I genuinely think there is potential for a silly Internet tradition here. Google should pick bunch of candidate winners by ML, hire them six months before, fire them all a week before awarding, and then programmatically re-hire moments before awarding. It can't be more malicious than most academic pranks and it shouldn't matter whether the conspiracy is real, it'll be just funny.
I think calling it a conspiracy theory is a bit of a stretch. I could be wrong. I agree that's how it should be. But I don't get the impression there are lot of fans of Google in the Prize Committee. Either way, it's not something that matters too much. Just a thought.
> I think calling it a conspiracy theory is a bit of a stretch.
It's the textbook definition of a conspiracy theory, isn't it? I mean, a group conspiring to not awarding the most prestigious prize in science to someone who deserved it because of who their employer was, and suddenly awarding it once he switched employers?
> But I don't get the impression there are lot of fans of Google in the Prize Committee.
This is a conspiracy-oriented line of reasoning. Who anyone's employer was is something that never surfaced when discussing Nobel prizes. Suddenly it became the basis of a theory on how people conspired to first not award it and afterwards award it, and somehow the guy's accomplishments don't even register in the discussion.

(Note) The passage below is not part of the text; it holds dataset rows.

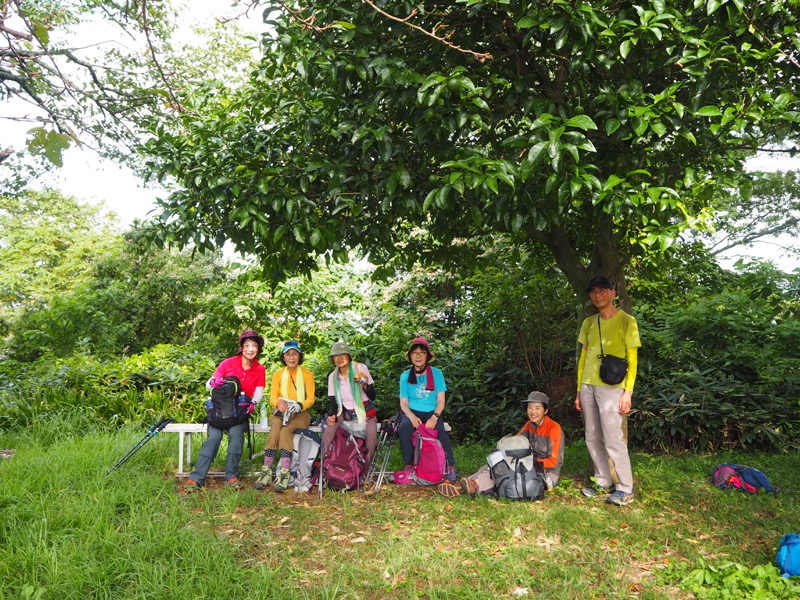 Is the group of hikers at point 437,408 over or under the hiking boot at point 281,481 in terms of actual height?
over

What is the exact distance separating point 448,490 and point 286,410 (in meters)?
1.69

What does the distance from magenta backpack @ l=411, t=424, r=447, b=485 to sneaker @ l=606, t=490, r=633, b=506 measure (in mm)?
1429

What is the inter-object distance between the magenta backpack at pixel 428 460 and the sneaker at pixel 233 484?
155 centimetres

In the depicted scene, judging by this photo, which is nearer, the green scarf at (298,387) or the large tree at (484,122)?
the large tree at (484,122)

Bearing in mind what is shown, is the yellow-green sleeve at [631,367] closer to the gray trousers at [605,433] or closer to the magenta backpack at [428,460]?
the gray trousers at [605,433]

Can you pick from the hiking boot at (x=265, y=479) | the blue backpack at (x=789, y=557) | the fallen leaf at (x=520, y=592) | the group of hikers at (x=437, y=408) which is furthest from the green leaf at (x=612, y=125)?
the hiking boot at (x=265, y=479)

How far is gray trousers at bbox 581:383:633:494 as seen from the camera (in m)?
5.07

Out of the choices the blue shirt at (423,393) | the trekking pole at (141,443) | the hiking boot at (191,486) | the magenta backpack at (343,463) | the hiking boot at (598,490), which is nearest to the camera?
the hiking boot at (598,490)

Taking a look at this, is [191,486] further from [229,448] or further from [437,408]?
[437,408]

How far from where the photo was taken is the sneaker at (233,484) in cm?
543

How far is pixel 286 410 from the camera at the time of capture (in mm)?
5957

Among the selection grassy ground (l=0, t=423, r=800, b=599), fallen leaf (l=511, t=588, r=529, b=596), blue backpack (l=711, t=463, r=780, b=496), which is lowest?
fallen leaf (l=511, t=588, r=529, b=596)

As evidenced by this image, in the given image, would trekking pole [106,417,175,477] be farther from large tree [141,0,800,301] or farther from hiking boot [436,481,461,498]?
hiking boot [436,481,461,498]

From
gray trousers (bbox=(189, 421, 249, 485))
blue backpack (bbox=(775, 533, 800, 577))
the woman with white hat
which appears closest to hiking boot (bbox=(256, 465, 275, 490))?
gray trousers (bbox=(189, 421, 249, 485)) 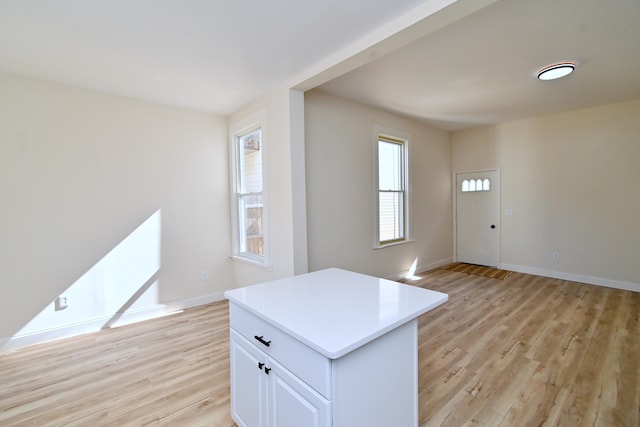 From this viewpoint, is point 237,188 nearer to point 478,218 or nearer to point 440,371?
point 440,371

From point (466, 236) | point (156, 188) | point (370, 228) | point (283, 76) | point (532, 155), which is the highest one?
point (283, 76)

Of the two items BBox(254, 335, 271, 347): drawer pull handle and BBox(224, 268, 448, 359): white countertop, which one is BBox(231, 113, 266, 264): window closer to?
BBox(224, 268, 448, 359): white countertop

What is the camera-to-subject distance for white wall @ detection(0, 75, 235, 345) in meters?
2.69

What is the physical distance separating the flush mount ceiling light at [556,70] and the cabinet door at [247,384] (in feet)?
12.3

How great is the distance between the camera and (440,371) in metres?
2.22

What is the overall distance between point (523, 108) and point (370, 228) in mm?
2935

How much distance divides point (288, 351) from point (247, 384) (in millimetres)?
506

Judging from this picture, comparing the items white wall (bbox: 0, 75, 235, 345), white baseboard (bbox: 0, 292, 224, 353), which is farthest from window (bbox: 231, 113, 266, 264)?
white baseboard (bbox: 0, 292, 224, 353)

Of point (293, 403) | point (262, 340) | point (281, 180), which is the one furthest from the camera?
point (281, 180)

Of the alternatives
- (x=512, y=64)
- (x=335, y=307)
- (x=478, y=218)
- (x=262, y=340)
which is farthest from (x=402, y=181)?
(x=262, y=340)

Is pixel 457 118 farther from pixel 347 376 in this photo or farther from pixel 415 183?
pixel 347 376

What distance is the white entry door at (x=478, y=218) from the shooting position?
17.5ft

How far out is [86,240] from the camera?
3016 mm

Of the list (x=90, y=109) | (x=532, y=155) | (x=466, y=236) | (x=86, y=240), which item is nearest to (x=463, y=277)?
(x=466, y=236)
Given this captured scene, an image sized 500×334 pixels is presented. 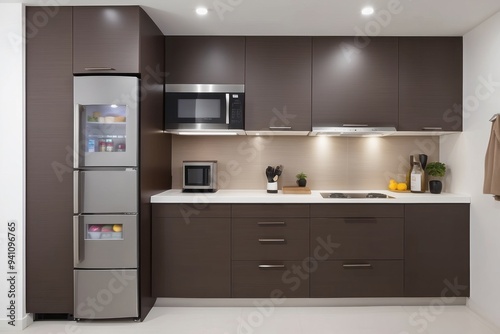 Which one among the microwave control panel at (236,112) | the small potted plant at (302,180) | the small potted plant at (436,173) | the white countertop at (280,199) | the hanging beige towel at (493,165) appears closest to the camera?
the hanging beige towel at (493,165)

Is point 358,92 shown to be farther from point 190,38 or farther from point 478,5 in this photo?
point 190,38

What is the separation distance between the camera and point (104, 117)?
8.23 ft

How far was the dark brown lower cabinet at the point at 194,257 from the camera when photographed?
283cm

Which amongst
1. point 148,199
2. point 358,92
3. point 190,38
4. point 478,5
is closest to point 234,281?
point 148,199

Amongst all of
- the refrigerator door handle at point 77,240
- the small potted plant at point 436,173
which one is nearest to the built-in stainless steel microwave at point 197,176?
the refrigerator door handle at point 77,240

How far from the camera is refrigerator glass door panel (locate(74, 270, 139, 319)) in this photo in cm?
250

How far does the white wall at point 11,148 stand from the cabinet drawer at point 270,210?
1.67 m

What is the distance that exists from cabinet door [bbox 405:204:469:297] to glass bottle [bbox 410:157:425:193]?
370mm

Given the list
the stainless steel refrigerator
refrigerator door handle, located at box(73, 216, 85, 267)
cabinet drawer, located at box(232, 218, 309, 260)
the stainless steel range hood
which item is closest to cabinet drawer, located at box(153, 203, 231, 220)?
cabinet drawer, located at box(232, 218, 309, 260)

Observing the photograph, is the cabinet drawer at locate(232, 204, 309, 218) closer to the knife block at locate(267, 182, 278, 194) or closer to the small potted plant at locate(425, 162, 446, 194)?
the knife block at locate(267, 182, 278, 194)

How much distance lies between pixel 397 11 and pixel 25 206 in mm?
3239

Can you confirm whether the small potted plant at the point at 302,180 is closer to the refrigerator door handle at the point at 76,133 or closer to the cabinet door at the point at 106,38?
the cabinet door at the point at 106,38

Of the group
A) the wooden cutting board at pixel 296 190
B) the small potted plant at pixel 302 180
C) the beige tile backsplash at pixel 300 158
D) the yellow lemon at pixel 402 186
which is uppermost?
the beige tile backsplash at pixel 300 158

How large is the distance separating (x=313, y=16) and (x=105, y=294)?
2727 mm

That's what these conspiracy theories bring to the table.
I get what you're saying. I have no evidence and no inside information. It could be a conspiracy, but I doubt it. It could just be multiple individuals independently being uncomfortable with tacitly approving a huge company they see as potentially responsible for privacy problems, ethics problems and AI misuse. I don't see these as invalid concerns either. And I don't see being conflicted about giving an award to an employee of a company tied to big ethical concerns as anti-science or having a lack of integrity.
Discovering breakthroughs in machine learning is a profound achievement and deserves to be recognized. Wielding powerful tools against humanity for the sake of money, not so much. But, like I said, I could be dead wrong, and this is probably why I wouldn't be a good person to serve on one of these committees.

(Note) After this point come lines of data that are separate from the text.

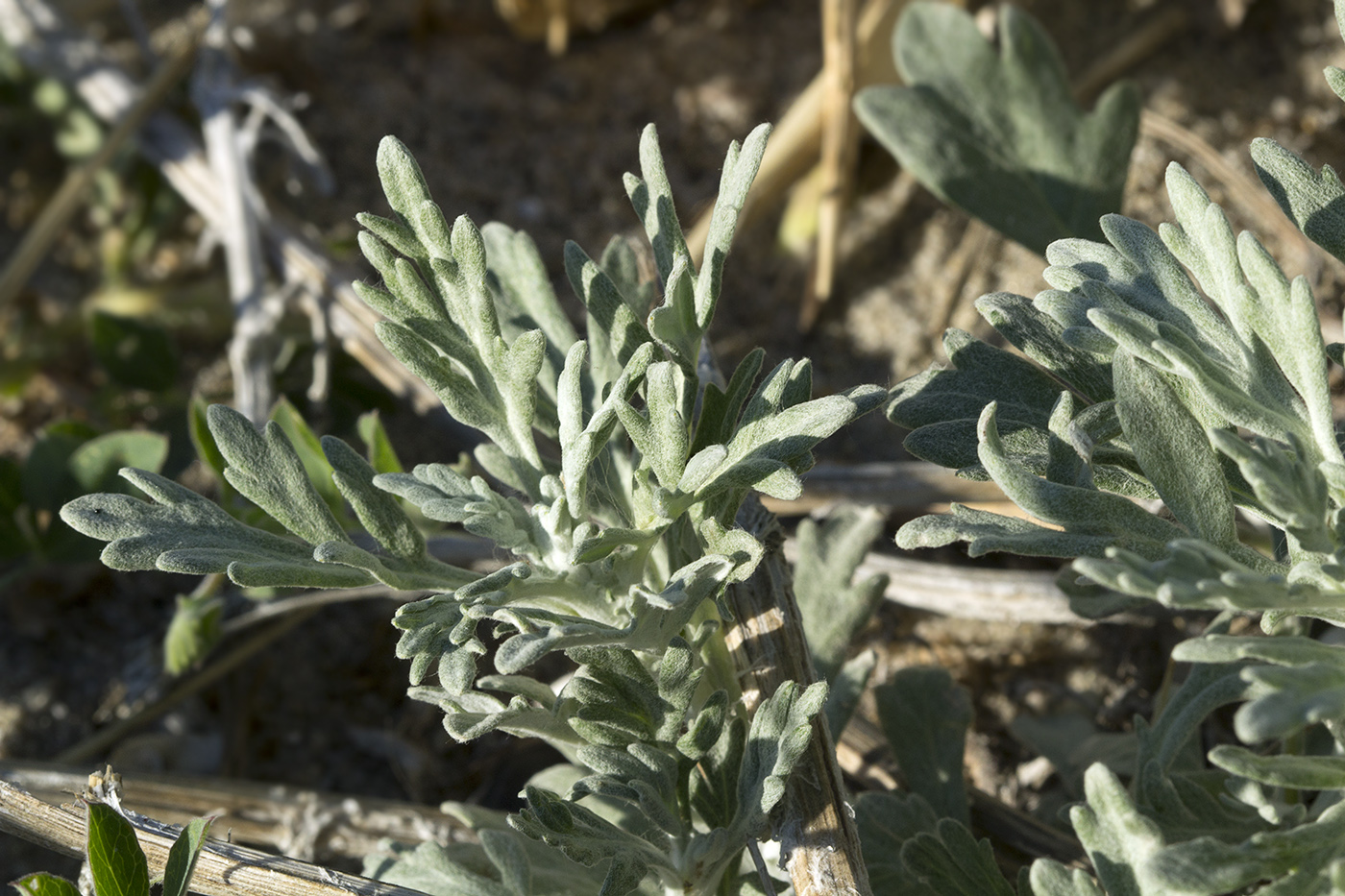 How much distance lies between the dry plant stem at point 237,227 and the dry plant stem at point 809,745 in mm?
1021

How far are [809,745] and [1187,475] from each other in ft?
1.45

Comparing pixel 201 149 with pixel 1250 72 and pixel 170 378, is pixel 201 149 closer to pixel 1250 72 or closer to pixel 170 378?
pixel 170 378

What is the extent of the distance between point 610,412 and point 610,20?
188 cm

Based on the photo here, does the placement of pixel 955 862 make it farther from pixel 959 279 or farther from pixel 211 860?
pixel 959 279

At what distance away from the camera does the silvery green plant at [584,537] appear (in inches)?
41.4

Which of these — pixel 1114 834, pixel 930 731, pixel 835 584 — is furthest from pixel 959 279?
pixel 1114 834

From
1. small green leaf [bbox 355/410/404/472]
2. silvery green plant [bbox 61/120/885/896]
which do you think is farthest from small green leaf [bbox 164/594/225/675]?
silvery green plant [bbox 61/120/885/896]

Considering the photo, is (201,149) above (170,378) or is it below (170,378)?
above

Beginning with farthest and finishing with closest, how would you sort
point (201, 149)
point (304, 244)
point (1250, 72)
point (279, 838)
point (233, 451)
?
point (1250, 72), point (201, 149), point (304, 244), point (279, 838), point (233, 451)

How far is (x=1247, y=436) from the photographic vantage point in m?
1.73

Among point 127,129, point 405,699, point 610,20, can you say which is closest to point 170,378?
point 127,129

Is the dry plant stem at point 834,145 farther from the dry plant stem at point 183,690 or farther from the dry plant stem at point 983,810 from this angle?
the dry plant stem at point 183,690

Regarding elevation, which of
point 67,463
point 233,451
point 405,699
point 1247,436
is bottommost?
point 405,699

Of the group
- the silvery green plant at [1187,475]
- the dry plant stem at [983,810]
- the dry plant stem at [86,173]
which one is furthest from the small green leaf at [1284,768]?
the dry plant stem at [86,173] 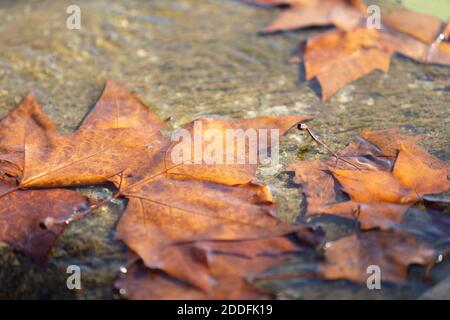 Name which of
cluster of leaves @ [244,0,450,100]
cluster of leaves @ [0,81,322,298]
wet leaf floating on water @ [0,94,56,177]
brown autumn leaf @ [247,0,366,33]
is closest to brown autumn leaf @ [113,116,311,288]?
cluster of leaves @ [0,81,322,298]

The age too, and the fact that Google lost prestige in AI over the years.
It's the company that didn't see the potential of Transformers, and that presented a half-assed Bard when LLMs were already in production in other companies.
But Hinton was not in favor of LLMs anyway, he argued backprop is not what the brain does and that we should do better than these models. I'd say Google would be a great place for someone thinking like that.
Since most papers nowadays are written by AI, and peer reviewed by AI, it only seemed logical for AI to be used by the Nobel committee to award the godfather of AI.
Thanks to AI, you now only have to to ask any GPT for the source code of the universe to get the code. Since physics is now a solved problem, we should recenter ourselves on more important questions like why did AI create the universe ?
I'm surprised Terry Sejnowski isn't included, considering it seems to be for Hopfield Nets and Boltzmann machines, where Terry played a large role in the latter.